De dag vandaag is gisteren begonnen. ’t Is te zeggen, het was maandag quiz (derde geworden, poule gewonnen, relatief goed dus), en dan ben ik blijven zitten babbelen en voor ge het wist, was het twintig voor vijf ’s ochtends voor ik in slaap viel.

Het deed een béétje pijn, vanmorgen opstaan en de trein naar het werk pakken.

MAAR!

Schets mijn verbazing toen ik het stampvolle metrostel betrad!

Voor de allereerste keer in mijn leven!

Ik stond recht wegens dus stampensvol, en toen deed een jong meisje met een hoofddoek dat neerzat naar mij van “zet u maar meneer”. Ik natuurlijk “neenee, ’t is in orde, blijf maar zitten”, maar zij “neenee, zet u maar meneer, ziet ik sta al recht”. (Ze is nog vijf haltes blijven rechtstaan, de vriendelijke dutsin.)

Ouder worden meneer, ik kan het iedereen aanraden.

En dan was het babbelen over informatiearchitectuur en dan dan eten en dan werken en dan naar huis gaan. De examens waren vandaag goed, verzekeren de kinders mij. Zelie heeft iets geprobeerd met paars in haar haar. En Louis heeft zijn Kindle kapot gemaakt, en ik ga er hem géén nieuwe kopen, het zal van zijn spaargeld mogen komen.

En dan besefte ik dat ik gedimme eten moest maken voor de kinders die hier rondhingen wegens Sandra naar de kookles in Brugge.

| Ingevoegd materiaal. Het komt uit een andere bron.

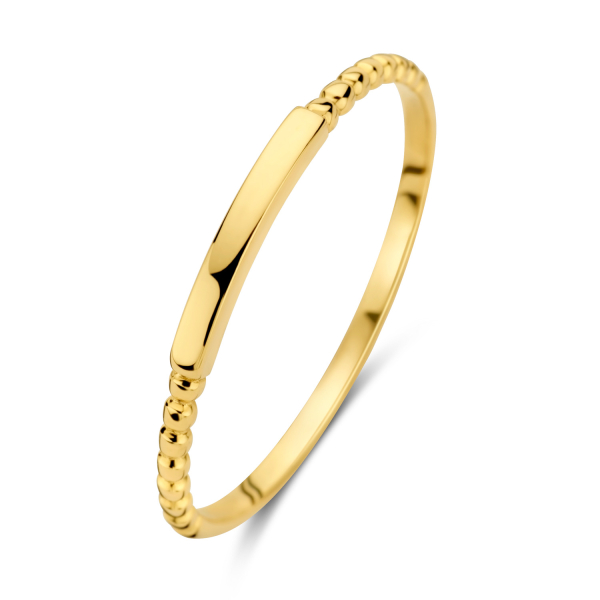Ring Plain 14k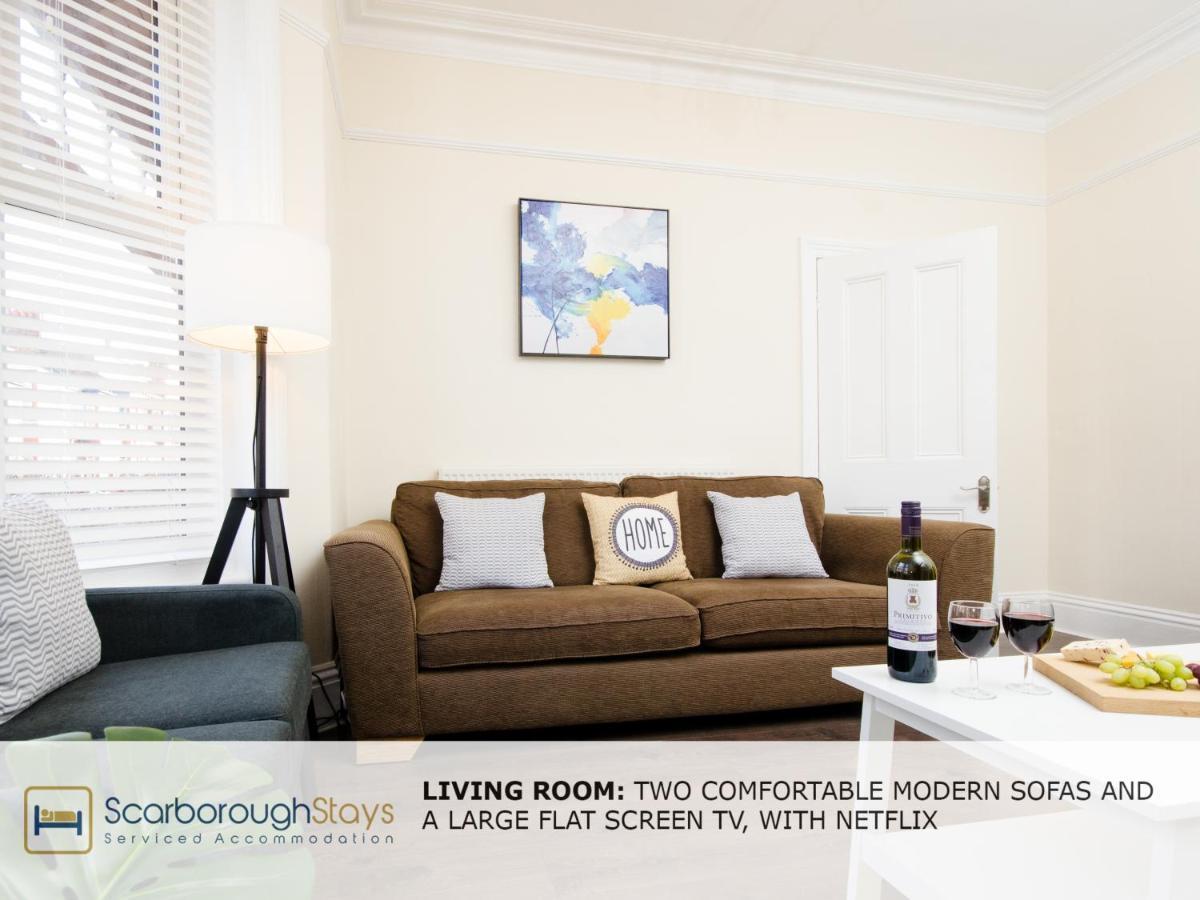 Scarborough Stays - Victorian Townhouse - 5 Bedrooms - Sleeps 9 Exterior photo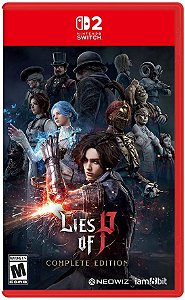 Lies of P Complete Edition Switch 2 Midia Fisica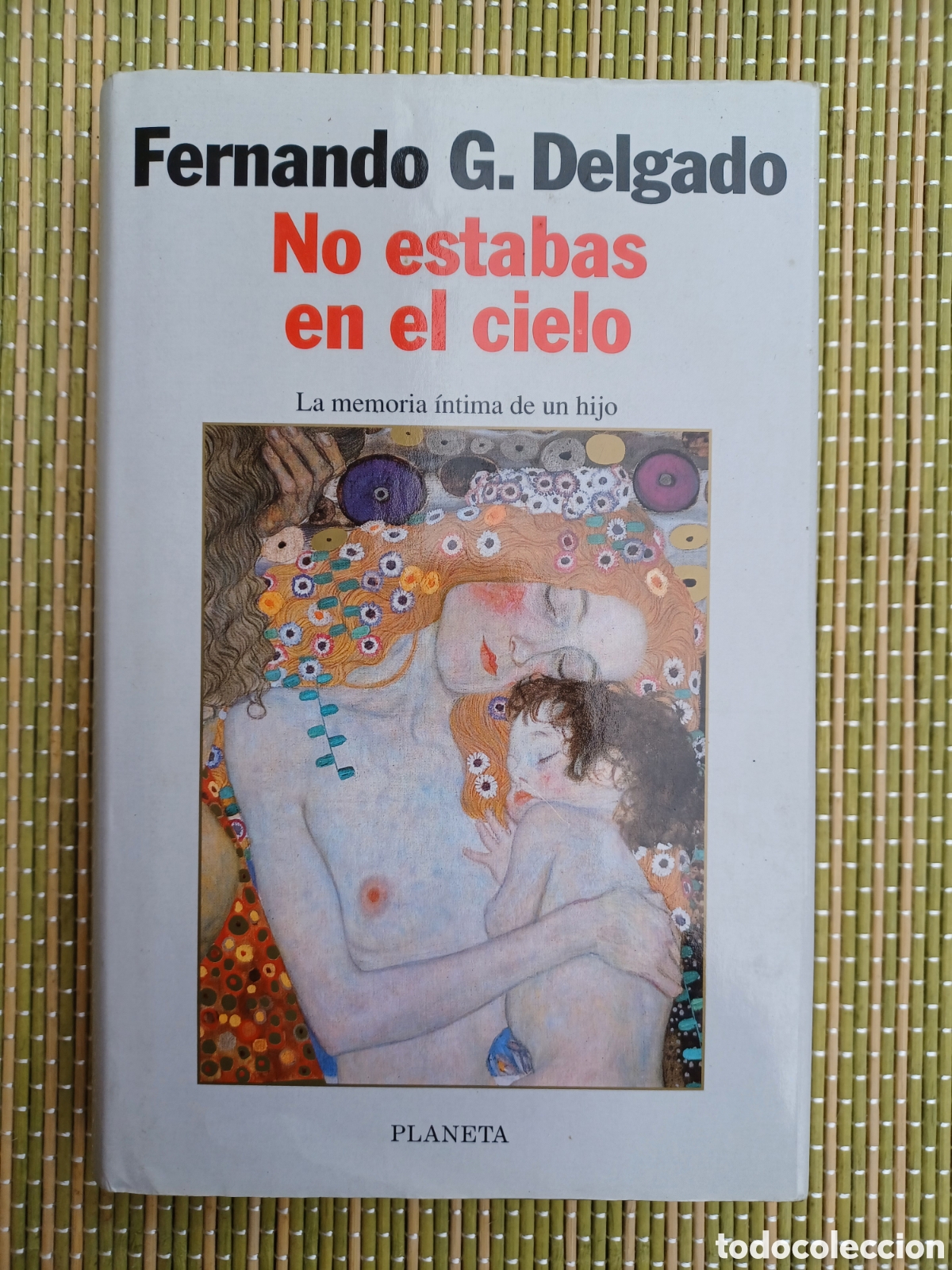 Libros de segunda mano: Fernando G Delgado - No estabas en el cielo - Foto 1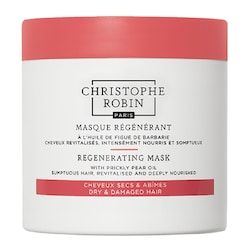  Christophe Robin Christophe Robin - Maschera Rigenerante All'olio Di Fico D'india - Maschera Per Capelli - Regenerant Mask With Prickly Pear Oil - Donna 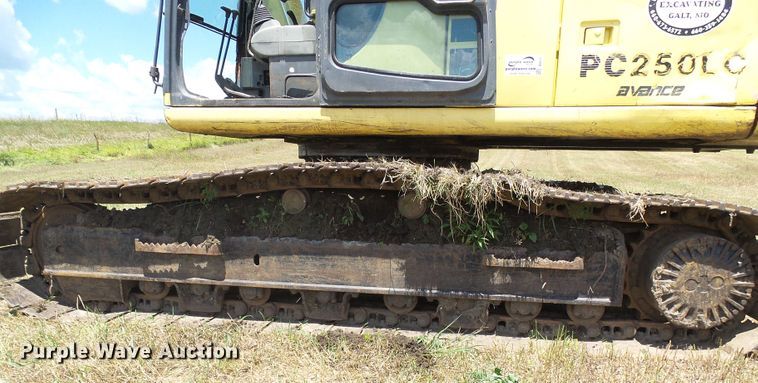 image for item DI0571 1996 Komatsu PC250LC excavator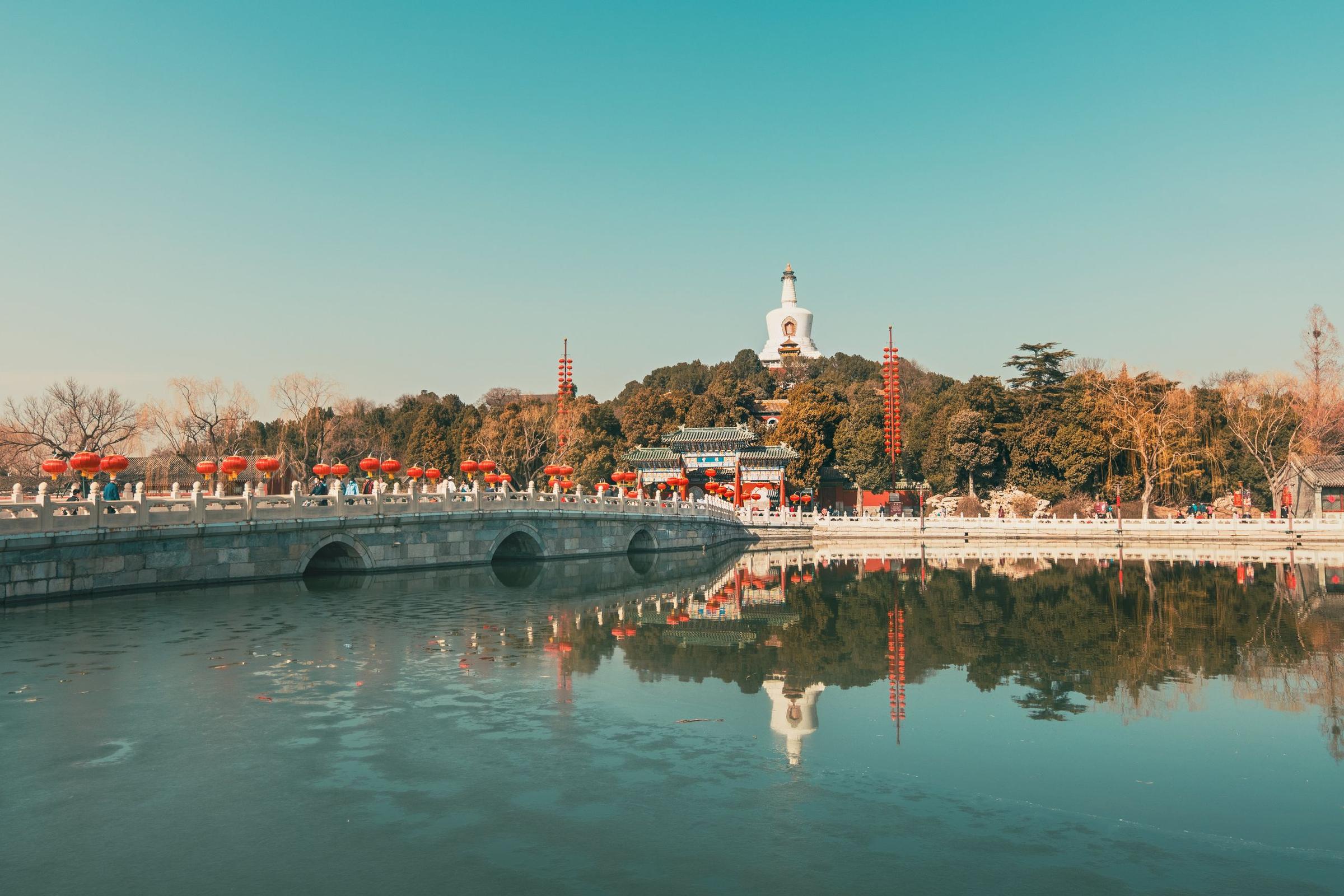 Pemandangan Beijing, China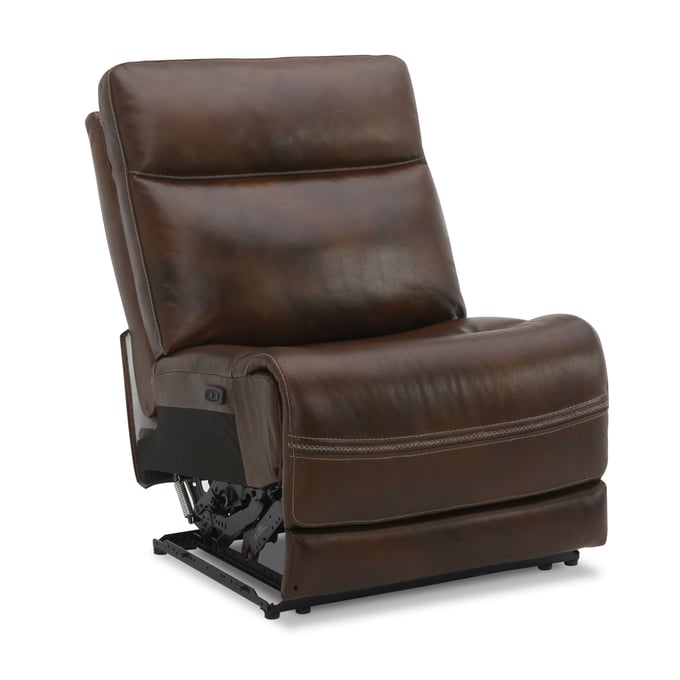 Liberty Blair Cognac Armless Recliner LBRT-7005CG-42AP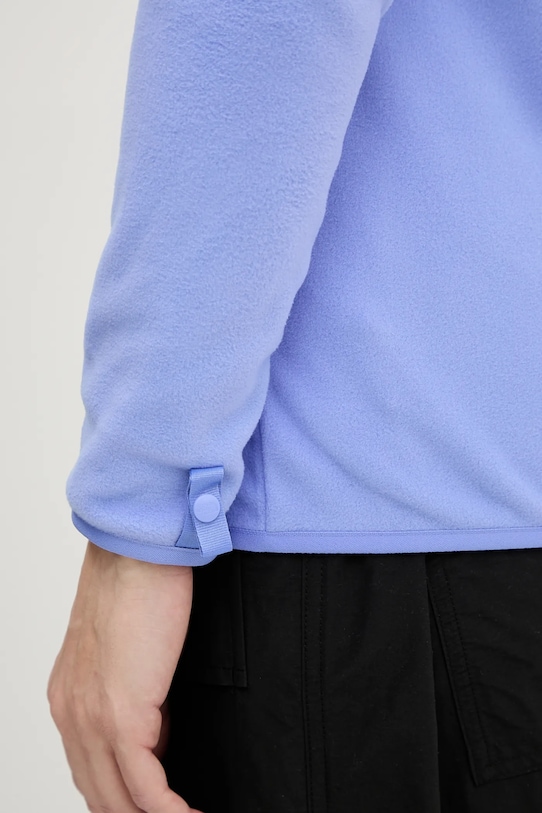 Športová mikina The North Face 100 Glacier NF0A855O0YI1 modrá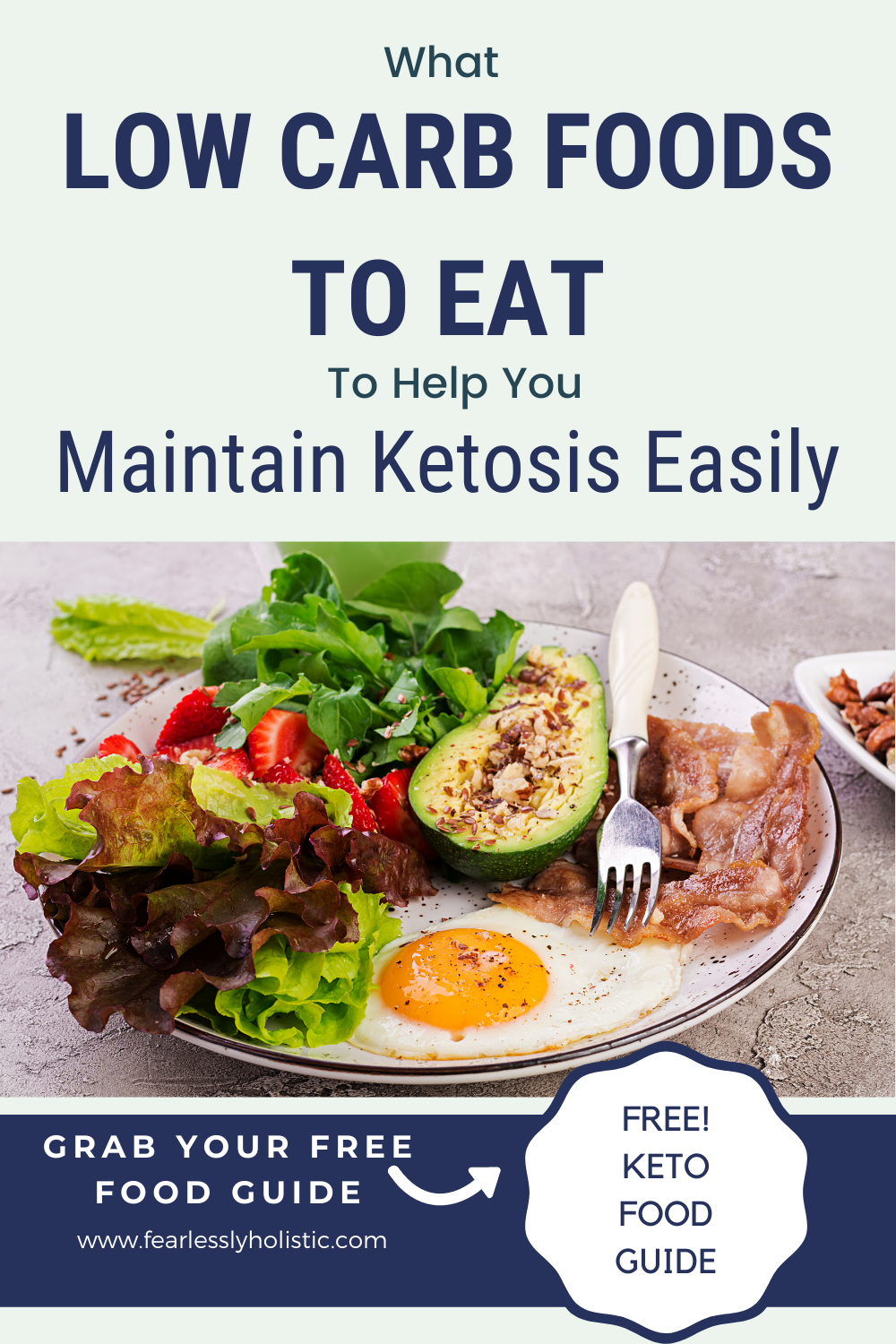 What Low Carb Foods To Eat To Maintain Ketosis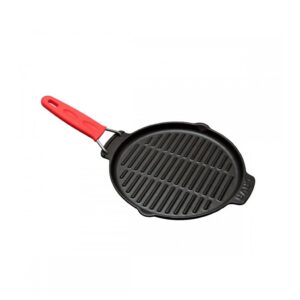 Lava okrogla grill ponev z odstranljivim inox ročajem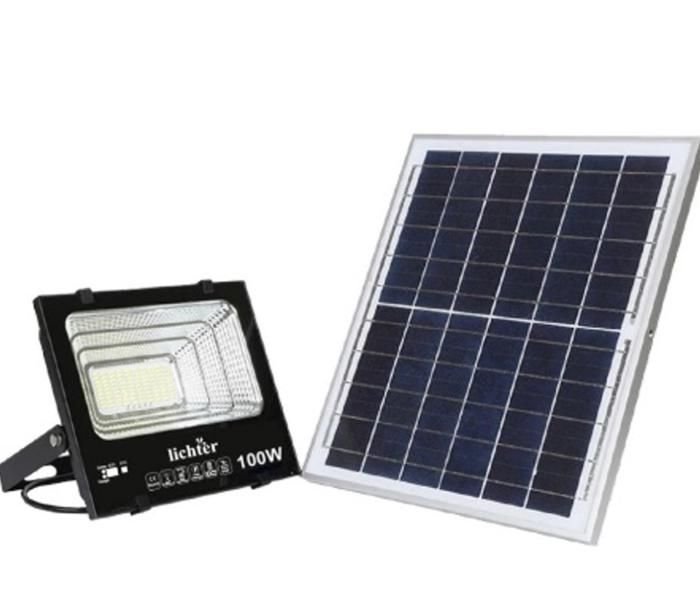 Projecteur solaire-100W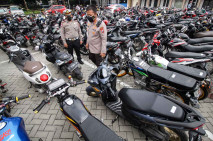 203 Motor Balap Liar...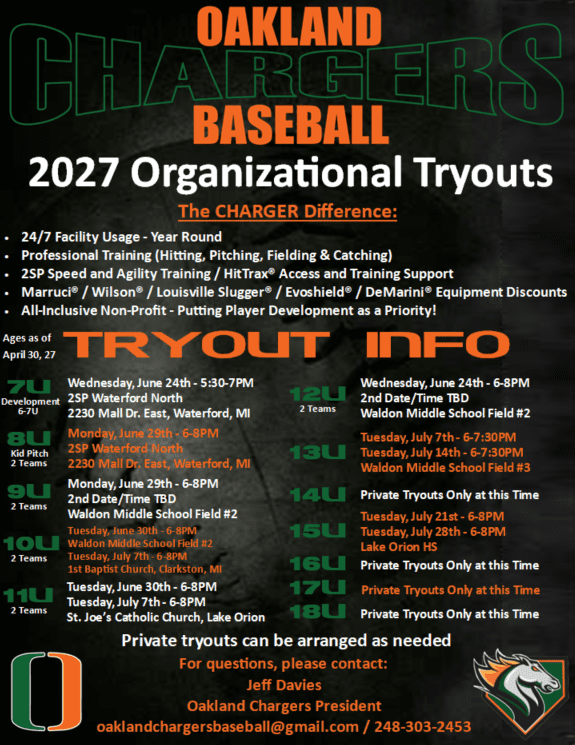 2027 Season Org Tryout Post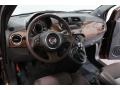 Sport Tessuto Marrone/Nero (Brown/Black) Dashboard Photo for 2012 Fiat 500 #68499499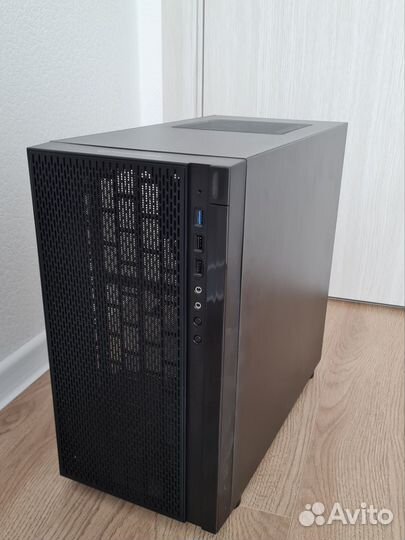 Системный блок. Компьютер. Пpоцесcор intel Core i3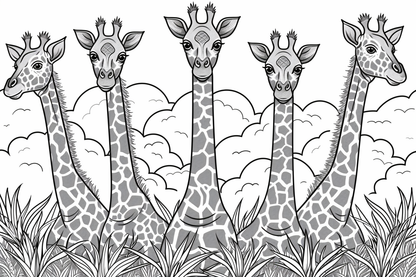 FREE Landscape Coloring Pages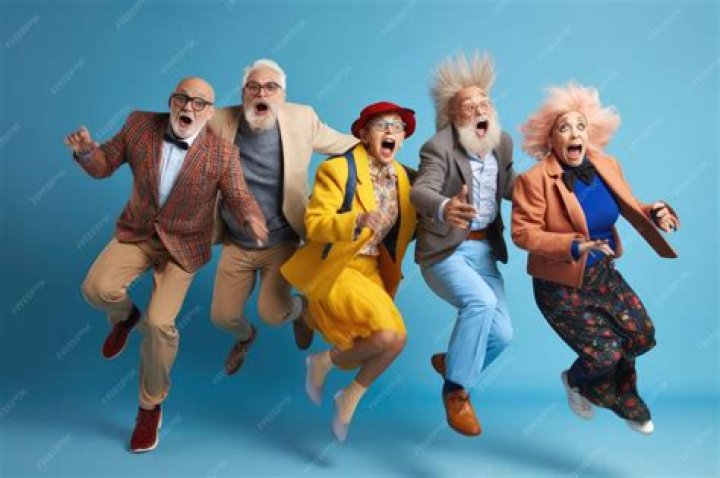 Energetic despite old age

Toevalligerwijs had ik subzero goesting maar MEESTARPLAAN! ! Ik ben de diepvries ingedoken en ik heb er vier hespenrollen uitgehaald en een portie lasagna en een dubbele portie ballen in tomatensaus, die ik aangelengd heb met de overschot van de passata van de pizza van dit weekend en wat room en sriracha wegens sriracha.

En zo heeft iedereen gegeten en zijn we weer een dag verder hoezee. Ik denk dat ik eens naar mijn bed trek.

Einde.

(Maar eerst nog wat tjoetjoep kijken.)